The middle section of the film follows the AI boy's quest, motivated by an overly literal reading of Pinocchio, to get turned into a real boy so his mother will love him and take him back. Roger Ebert insists this is a mistake: "'What responsibility does a human have to a robot that genuinely loves?' the film asks, and the answer is: none. Because the robot does not genuinely love. It genuinely only seems to love." Note that this is Ebert's answer, not the film's. But when someone else advanced the same notion on Usenet — "His 'love' is not real. It is programmed." — someone a bit more clever supplied the retort: "Well so is yours. The only difference is that his is on chip and yours is on gene." The thing is, we know why, say, pain exists — those creatures which don't have some sort of damage avoidance system (as the film calls the robots' equivalent) tend not to survive long enough to reproduce this trait — and, in the film, the Mechas can reproduce the outward experience of pain exactly. How about the inward experience? Why do we meat-based machines actually feel pain, and at what point does the programming of same become an actual feeling? What is consciousness? We don't know. I don't know, and Roger Ebert doesn't know, and you don't know — if you think you do, you're kidding yourself.

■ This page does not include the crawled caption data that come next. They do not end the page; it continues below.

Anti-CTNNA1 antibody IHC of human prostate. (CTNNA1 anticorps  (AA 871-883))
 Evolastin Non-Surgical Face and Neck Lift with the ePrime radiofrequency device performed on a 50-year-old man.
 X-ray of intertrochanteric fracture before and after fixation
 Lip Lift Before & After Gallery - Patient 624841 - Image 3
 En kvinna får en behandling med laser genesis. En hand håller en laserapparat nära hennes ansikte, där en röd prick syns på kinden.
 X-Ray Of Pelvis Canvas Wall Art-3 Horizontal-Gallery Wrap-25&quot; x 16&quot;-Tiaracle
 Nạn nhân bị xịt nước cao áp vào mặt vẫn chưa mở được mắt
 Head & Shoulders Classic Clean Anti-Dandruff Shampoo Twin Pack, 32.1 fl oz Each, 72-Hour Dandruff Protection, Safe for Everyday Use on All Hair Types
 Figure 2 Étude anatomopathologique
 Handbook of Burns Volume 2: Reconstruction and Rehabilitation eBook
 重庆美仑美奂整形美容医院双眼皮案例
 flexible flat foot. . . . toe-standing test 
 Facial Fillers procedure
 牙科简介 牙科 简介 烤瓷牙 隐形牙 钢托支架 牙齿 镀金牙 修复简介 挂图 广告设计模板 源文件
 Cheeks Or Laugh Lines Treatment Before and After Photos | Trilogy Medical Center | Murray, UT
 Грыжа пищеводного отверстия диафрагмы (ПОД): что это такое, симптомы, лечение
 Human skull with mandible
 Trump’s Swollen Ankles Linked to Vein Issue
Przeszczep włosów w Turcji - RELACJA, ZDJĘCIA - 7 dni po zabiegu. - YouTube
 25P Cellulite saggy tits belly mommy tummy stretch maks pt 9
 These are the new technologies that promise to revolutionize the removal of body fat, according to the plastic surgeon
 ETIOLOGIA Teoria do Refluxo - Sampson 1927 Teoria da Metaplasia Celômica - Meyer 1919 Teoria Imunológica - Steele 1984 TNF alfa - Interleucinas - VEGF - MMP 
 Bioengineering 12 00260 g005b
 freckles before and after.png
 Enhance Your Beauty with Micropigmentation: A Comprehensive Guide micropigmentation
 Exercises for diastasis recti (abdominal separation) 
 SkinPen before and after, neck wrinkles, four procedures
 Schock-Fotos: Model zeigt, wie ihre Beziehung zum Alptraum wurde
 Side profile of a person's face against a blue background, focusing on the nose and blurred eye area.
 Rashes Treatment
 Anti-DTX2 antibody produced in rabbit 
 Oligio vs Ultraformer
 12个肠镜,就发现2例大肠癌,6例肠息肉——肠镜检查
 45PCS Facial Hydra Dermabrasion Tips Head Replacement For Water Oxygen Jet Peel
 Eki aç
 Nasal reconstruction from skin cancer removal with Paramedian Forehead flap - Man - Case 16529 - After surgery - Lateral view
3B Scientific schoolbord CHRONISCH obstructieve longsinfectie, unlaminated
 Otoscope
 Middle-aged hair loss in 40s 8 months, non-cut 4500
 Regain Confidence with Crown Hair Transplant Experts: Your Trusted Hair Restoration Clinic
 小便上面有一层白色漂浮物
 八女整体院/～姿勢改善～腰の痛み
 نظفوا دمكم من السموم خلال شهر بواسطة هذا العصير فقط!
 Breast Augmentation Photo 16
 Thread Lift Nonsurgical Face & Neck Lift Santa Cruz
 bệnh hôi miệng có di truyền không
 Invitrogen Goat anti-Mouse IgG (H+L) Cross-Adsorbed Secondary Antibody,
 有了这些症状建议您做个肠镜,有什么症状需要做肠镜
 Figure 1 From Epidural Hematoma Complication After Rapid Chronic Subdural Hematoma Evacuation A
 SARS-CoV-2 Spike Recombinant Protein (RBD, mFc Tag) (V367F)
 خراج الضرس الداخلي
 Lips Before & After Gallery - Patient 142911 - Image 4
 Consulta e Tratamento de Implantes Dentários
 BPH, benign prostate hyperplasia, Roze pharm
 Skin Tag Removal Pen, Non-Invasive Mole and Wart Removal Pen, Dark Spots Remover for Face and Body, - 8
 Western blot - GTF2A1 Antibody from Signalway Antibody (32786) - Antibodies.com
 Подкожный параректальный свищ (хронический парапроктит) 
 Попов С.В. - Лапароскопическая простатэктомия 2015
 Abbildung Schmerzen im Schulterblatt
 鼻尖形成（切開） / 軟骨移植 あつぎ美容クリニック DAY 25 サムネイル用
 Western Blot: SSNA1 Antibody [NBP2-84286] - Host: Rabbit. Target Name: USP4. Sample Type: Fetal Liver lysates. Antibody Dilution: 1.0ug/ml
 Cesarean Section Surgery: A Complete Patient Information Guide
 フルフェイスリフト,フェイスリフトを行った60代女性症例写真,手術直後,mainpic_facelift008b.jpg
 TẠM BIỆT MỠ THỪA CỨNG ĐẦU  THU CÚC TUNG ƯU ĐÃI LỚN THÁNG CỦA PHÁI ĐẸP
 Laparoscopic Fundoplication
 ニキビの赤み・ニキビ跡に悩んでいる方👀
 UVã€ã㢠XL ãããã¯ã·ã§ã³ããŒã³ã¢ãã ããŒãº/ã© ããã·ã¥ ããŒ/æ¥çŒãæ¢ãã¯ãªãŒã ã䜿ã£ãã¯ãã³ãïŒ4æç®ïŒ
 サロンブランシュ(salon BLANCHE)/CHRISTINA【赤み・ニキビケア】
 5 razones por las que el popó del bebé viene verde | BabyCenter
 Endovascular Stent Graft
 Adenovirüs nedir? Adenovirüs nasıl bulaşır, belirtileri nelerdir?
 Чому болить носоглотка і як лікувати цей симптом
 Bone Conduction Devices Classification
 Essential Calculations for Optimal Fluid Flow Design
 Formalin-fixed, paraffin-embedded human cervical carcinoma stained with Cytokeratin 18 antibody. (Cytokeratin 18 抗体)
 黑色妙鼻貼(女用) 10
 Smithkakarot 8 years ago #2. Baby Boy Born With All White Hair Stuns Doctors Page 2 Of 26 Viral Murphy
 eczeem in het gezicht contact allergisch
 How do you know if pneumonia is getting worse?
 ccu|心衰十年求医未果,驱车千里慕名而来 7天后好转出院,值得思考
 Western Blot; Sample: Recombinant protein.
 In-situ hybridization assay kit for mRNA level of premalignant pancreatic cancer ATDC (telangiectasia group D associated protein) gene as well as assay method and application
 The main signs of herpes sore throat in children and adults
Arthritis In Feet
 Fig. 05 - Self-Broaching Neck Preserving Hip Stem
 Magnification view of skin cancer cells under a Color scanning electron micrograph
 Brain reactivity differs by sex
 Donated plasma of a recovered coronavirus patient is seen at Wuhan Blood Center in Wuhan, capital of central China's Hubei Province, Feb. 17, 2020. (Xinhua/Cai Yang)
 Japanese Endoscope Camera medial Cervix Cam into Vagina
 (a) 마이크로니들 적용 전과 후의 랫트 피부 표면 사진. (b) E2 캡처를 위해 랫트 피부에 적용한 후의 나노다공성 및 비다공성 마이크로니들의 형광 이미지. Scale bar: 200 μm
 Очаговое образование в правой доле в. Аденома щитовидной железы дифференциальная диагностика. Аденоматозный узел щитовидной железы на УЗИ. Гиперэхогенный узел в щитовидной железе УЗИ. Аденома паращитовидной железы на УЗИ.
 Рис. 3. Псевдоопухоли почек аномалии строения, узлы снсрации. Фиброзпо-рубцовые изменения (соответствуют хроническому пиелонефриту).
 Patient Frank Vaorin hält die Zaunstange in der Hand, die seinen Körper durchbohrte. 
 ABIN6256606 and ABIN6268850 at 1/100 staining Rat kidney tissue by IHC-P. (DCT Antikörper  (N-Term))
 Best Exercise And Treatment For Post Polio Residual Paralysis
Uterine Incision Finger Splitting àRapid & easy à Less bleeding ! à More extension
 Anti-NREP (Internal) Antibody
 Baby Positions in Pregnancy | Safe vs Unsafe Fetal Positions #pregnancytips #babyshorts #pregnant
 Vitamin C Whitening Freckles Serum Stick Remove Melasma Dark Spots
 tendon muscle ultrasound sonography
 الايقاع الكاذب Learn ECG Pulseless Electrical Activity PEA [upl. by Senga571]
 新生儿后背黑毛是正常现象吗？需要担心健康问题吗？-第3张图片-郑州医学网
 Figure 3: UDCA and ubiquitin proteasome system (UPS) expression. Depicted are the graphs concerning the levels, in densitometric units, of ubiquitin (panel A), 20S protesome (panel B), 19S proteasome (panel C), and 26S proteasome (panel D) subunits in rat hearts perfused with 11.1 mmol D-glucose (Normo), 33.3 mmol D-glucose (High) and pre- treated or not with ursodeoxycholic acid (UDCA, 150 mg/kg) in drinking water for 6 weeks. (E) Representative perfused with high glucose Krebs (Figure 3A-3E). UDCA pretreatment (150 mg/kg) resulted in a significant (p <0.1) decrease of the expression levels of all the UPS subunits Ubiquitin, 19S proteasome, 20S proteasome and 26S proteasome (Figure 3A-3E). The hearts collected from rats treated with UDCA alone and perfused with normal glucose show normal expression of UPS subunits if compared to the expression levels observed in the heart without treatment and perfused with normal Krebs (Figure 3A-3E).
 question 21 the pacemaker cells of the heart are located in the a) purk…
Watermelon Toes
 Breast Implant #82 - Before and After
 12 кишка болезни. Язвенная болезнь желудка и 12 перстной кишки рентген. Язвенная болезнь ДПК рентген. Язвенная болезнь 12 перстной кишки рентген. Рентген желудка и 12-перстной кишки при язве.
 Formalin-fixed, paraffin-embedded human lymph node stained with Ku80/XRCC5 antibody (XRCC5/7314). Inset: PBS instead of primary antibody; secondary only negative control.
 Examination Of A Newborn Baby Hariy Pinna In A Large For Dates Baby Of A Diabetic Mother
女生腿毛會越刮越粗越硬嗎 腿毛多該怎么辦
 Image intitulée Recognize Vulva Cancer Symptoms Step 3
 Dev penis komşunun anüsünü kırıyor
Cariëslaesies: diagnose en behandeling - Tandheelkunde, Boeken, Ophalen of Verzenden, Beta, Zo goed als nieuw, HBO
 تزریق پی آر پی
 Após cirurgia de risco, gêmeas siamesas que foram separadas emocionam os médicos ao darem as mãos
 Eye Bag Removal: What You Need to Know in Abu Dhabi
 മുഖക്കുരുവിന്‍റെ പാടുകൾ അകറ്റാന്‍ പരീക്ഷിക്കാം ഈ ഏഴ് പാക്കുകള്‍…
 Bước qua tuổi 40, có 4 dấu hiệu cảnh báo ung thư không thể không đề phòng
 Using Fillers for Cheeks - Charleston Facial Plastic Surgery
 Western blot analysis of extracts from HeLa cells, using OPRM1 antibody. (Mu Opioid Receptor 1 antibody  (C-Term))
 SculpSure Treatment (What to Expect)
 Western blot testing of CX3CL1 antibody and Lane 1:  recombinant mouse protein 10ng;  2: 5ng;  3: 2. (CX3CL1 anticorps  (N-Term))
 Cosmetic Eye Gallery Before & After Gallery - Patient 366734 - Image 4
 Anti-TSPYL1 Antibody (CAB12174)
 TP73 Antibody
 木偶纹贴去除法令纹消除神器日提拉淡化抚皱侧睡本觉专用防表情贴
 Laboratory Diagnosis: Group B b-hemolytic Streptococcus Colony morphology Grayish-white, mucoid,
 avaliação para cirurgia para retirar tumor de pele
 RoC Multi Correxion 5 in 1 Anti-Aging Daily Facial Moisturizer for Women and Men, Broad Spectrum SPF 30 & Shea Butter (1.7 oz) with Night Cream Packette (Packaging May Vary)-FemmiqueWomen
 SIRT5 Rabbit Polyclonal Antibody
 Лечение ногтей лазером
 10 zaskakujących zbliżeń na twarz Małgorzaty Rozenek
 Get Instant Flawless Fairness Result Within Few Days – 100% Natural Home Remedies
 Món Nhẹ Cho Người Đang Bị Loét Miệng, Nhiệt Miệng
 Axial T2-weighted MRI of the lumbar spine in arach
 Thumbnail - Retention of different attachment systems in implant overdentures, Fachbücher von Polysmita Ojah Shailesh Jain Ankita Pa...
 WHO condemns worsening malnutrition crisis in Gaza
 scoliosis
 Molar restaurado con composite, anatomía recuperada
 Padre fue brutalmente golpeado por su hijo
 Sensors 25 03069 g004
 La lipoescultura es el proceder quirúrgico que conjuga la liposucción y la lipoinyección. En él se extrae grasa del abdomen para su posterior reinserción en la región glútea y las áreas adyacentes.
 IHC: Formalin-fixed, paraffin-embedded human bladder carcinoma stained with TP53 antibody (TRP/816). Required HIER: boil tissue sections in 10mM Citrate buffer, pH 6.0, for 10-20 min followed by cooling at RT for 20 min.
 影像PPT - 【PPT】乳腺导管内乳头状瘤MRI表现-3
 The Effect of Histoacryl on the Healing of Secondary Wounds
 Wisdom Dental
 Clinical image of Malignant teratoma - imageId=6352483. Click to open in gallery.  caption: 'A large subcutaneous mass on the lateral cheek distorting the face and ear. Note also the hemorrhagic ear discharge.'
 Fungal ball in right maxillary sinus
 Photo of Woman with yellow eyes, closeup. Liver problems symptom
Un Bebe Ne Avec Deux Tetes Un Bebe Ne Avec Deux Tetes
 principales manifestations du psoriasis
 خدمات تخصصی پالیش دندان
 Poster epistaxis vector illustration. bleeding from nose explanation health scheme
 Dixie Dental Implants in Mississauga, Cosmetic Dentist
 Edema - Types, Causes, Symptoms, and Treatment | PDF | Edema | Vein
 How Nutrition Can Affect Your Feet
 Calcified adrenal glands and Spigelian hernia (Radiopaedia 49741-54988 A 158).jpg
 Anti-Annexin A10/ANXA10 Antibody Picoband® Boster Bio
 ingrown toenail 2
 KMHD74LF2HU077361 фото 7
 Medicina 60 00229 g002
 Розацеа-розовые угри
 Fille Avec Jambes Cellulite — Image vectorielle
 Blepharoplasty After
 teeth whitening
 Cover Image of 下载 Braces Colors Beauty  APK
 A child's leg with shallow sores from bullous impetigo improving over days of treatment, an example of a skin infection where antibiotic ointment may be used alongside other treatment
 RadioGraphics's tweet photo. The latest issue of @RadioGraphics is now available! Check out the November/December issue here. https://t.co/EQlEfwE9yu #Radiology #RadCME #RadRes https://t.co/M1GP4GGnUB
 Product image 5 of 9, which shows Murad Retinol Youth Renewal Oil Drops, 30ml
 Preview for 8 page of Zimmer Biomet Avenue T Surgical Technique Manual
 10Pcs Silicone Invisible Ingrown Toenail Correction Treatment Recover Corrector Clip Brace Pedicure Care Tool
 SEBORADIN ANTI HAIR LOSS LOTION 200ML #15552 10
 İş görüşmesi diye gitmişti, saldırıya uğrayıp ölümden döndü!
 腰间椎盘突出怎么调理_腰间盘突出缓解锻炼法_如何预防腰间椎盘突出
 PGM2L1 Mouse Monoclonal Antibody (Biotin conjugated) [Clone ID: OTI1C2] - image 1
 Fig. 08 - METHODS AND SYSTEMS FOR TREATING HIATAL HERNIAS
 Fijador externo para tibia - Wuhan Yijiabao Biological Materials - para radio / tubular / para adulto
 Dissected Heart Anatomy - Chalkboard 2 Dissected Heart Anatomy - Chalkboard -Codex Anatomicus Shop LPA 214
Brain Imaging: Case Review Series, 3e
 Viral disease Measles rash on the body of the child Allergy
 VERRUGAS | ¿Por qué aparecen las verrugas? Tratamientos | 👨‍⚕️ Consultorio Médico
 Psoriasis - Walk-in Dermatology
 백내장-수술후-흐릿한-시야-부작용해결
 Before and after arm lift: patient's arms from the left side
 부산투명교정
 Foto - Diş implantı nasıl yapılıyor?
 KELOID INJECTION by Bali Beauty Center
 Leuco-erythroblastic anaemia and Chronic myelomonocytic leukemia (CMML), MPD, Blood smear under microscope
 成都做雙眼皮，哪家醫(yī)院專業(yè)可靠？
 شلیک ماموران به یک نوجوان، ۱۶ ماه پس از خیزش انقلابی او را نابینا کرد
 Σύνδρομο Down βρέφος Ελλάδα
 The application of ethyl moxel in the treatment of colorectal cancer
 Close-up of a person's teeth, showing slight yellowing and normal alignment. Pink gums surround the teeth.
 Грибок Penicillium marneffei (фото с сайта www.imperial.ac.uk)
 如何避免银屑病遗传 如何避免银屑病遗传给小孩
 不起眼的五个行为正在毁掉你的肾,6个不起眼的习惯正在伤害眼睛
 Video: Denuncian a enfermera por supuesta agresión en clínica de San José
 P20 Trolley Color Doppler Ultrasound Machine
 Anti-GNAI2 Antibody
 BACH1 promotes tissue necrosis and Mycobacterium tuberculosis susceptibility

Ebert also asks, "From a coldly logical point of view, should we think of David [...] as more than a very advanced gigapet?" Here Ebert assumes that if so, we're free to mistreat him or toss him away — which is the exact opposite of the whole point of gigapets, very, very simple programs that people still felt compelled to obsessively tend to. On ifMUD there's a Perl script called "Alex" which acts very vaguely like a parrot; he's probably the most popular "person" on the system. Sid Meier's Colonization allows you to react to gifts from the smiling natives by attacking and enslaving them; how anyone can actually do this is beyond me, despite the fact that they're just chunks of code with some cartoony art. So when you've got a robot that looks just like a kid and screams, "Don't burn me! Please!", what the hell difference does it make whether it's "really" scared? If you can calmly melt such a creature into slag, I don't want to know you.

Anyway. I didn't much care for the first two of the three acts, the first being a cavalcade of erratic behavior with little insight into the characters to back it up, the second being lots of sound and fury signifying not a hell of a lot. Then comes the third act, set 2000 years after the end of the second, after the oceans have frozen and Earth is inhabited entirely by the descendents of the machines. NOT ALIENS! That people, not just mouth-breathers but perfectly intelligent people as well, could have missed this leaves me boggled. Anyway, I totally dug on the Super-AI. For one, it was extremely nice to see special effects used for something other than horror and combat and explosions. (I especially liked the disassembly of the cube car. Very cool.) For another, to see the Earth inherited by AI not played as a dystopia was very satisfying and true to Kubrick's vision: intelligence is intelligence, and AI like this would likely make us prouder great-grandparents than our biological descendents would. Natural selection chooses for survival skill; the world will become a much better place when it enters a post-Darwinian age where we instead select for what is good. That Spielberg diverges from Kubrick's plans for how the third act goes from there is disappointing, but still, it's nice to see the left turn stay in the movie at all.

Finally, I can't help but notice that the date stamp for this ramble about AI is 10010. Heh.